The Difference Between a Traditional IRA and a Roth IRA
Whereas these two types of accounts differ in several ways, the two major ones concern taxes and withdrawals. A traditional IRA is an account into which you deposit pre-tax money, meaning you don’t pay income tax on the amount you invest. You pay the taxes when you withdraw money during retirement. And you must withdraw a certain amount each year beginning the year you turn 70 1/2 years old.
With a Roth IRA, you deposit money you have already paid taxes on — after-tax money. But you don’t have to pay taxes on the money when you withdraw it in retirement as long as you’ve had it in the account for at least five years. And you don’t have to take it out if you don’t want to.

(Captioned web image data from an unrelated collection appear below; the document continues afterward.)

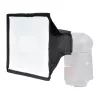 Godox SB1520 softbox universal 15x20 cm para flashes de encaixe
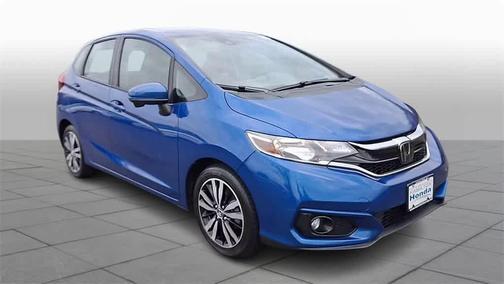 2018 Honda Fit EX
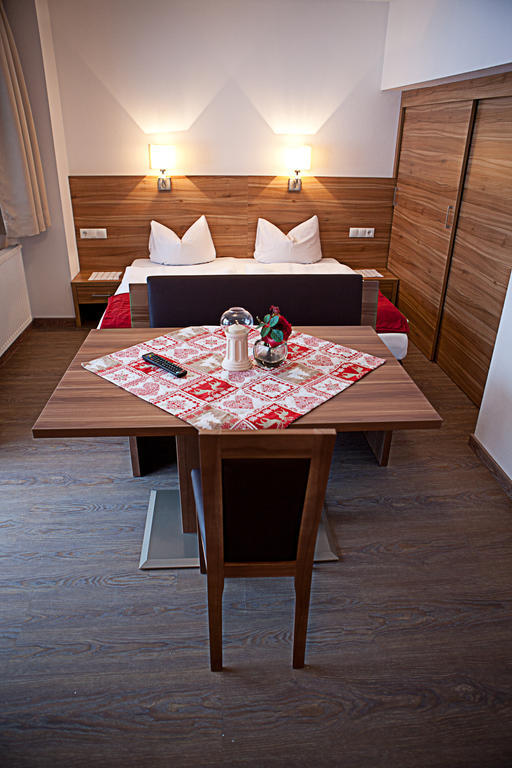 Villa Sepp Ramsau im Zillertal Bilik gambar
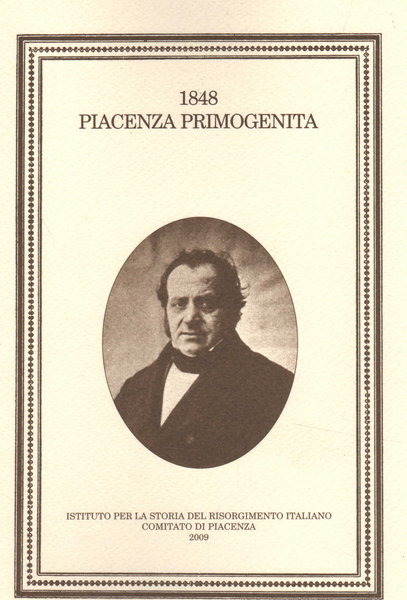 1848. Piacenza primogenita
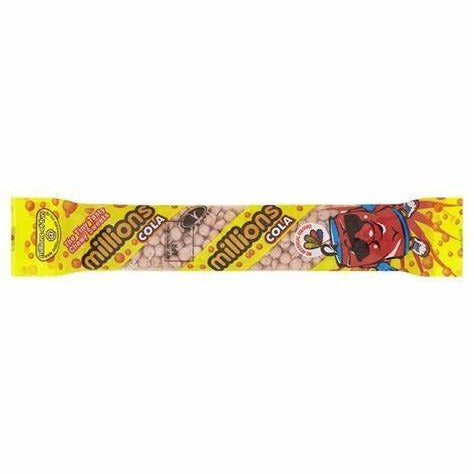 Millions Tube - Cola (60g) - Candy Bouquet of St. Albert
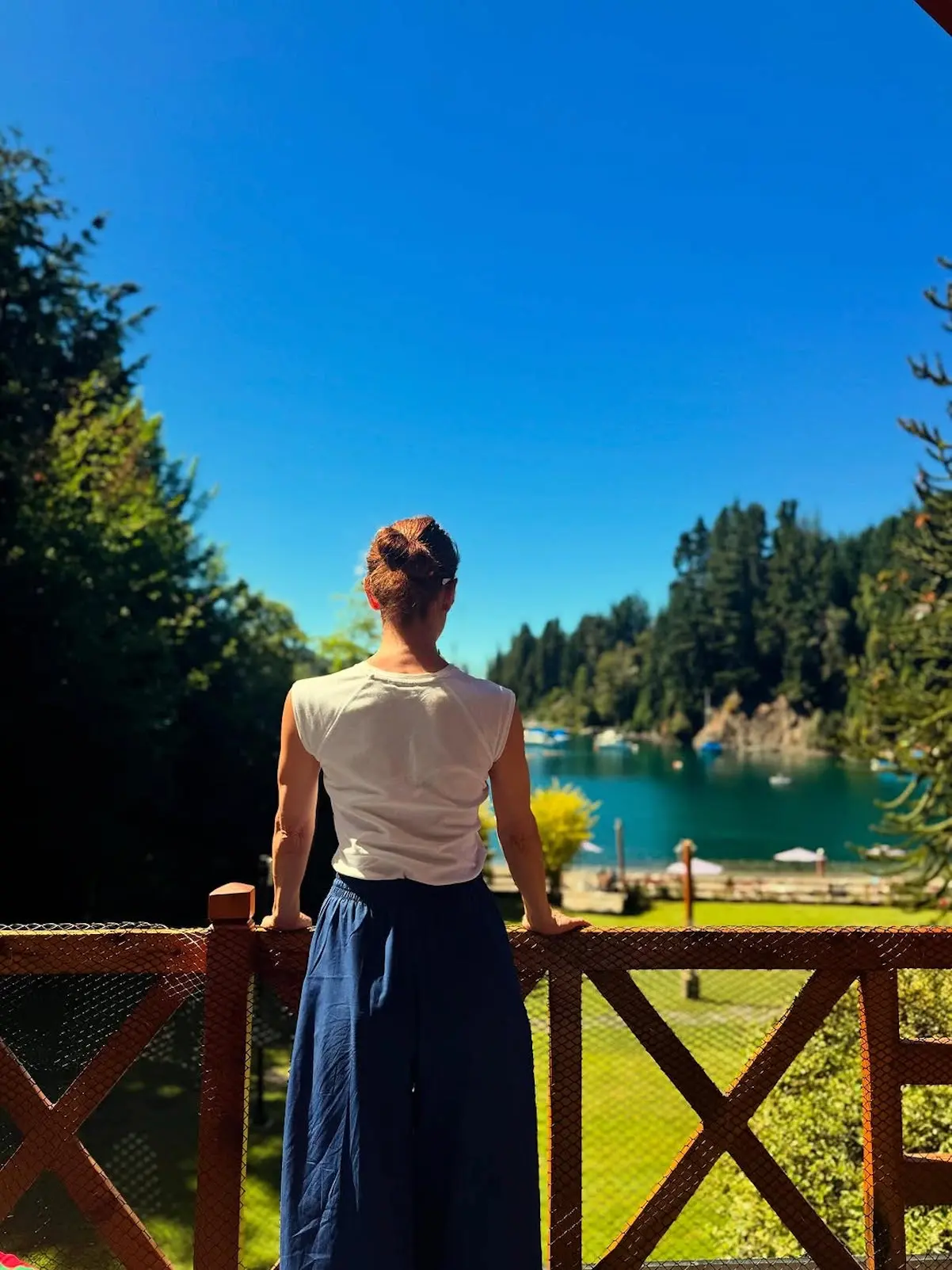 Ráquel Sánchez Silva Patagonia Argentina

Retirement Planning and IRAs
When the IRA first became available, people assumed it would be advantageous to put off paying taxes until they reached retirement age. They reasoned that they would likely have less income in retirement, so they would be in a lower tax bracket than during their working years. This is often, but not always, true. Some people have as much income in retirement as they had when they were working. And tax brackets change periodically. Plus, some people don’t like the idea of having to pay income taxes when they’re retired. Roth IRA rules make the accounts an attractive option for these folks.
A ‘Backdoor’ Roth IRA
IRA rules limit how much income you can make and still contribute to a Roth IRA. In 2018, a married couple filing jointly must have a modified adjusted gross income of less than $189,000 to contribute the full allowable amount of $5,500 each — $6,500 for those over 50 years old. Couples with a modified AGI between $189,000 and $199,000 can contribute a reduced amount. Single taxpayers’ modified AGI must be less than $120,000 for a full contribution, and from $120,000 to $134,999 for a reduced contribution amount.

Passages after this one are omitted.